8. Yuk. Plaintiffs cite to Dan Schultz, Complaint ¶¶34, 127-28, an FDA official who recently resigned under a cloud involving funny business with – you guessed it – device approvals. For more about that see here (among other places).
Here, then, are the “takeaways” that us defense lawyers would offer after a quick read of the complaint in Nowak:
There shouldn’t be any qui tam case here. First, there’s not even an allegation that the medical devices the government bought didn’t work.
Second, the allegations don’t establish lack of safety either. If anything the off-label uses seem to be relatively less productive of adverse events than these stents’ on-label uses. There’s no allegation that other products were significantly safer. In short, the government bought and paid for good stuff.
Third, the government wasn’t ripped off. The Complaint suggests that these devices were cheaper (Remember the allegation about “competitive advantage”?) than other products that could treat the same conditions.
Fourth, The Nowak case is simply an attempt to piggy-back on, and make some money from, a government investigation of off-label promotion. The Hopper case, discussed here, makes it crystal clear that purportedly off-label promotion, by itself, can’t be a false claim.
Fifth, to interpret the qui tam/False Claims act as the plaintiffs do would be to impose huge, statutory penalties upon off-label use – off-label use that helps patients – simply due to allegations of “off-label promotion” that supposedly violate the FDCA. Such a result not only invades the FDA’s jurisdiction to prosecute claimed violations, but would also be harmful to everyone involved in the healthcare system, that is everyone except for parasitic plaintiffs such as these.

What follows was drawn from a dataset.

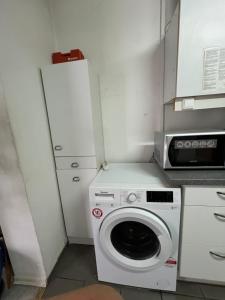 a kitchen with a washing machine and a microwave at TL Gastzimmer 1 in Frankfurt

Sixth, we’re not saying anything one way or another about the purported off-label promotion. We’ve already stated our views long and loud that truthful (and only truthful) promotion should protected by the First Amendment. We continue to believe that the proper way to deal with the regulatory issues arising from widespread off-label use (promoted or otherwise) is for the FDA to establish dollar or percentage benchmarks and then to require off-label uses that exceed those benchmarks to be submitted for Agency review.
All in all, we’re reminded of Judge Weinstein’s recent words when he threw out another overreaching off-label promotion case:
The social value of the product at issue in this litigation is also noteworthy. . . . [Defendant] has created a product with substantial benefits that even now-after many years of litigation, research, testing, and controversy-is still favored by many physicians and patients. . . . [T]his lawsuit is an effort. . .to obtain a windfall: to recoup money  spent covering a prescription drug for Medicaid beneficiaries even though it does not claim that the drug injured them or that it failed to work. . . .If allowed to proceed in their entirety, [these] claims could result in serious harm or bankruptcy for this defendant and the pharmaceutical industry generally. For the legal system to be used for this slash-and-burn-style of litigation would arguably constitute an abuse of the legal process. Constitutional, statutory, and common law rights of those injured to seek relief from the courts must be recognized. But courts cannot be used as an engine of an industry’s destruction.
In re Zyprexa Products Liability Litigation, ___ F. Supp.2d ___, 2009 WL 4260857, at *65-66 (E.D.N.Y. Dec. 1, 2009).
So thanks to whoever you are for sending us the email that brought this situation to our attention, even though the result wasn’t exactly what you wanted. We’re always looking for ideas with which to “feed the blog.”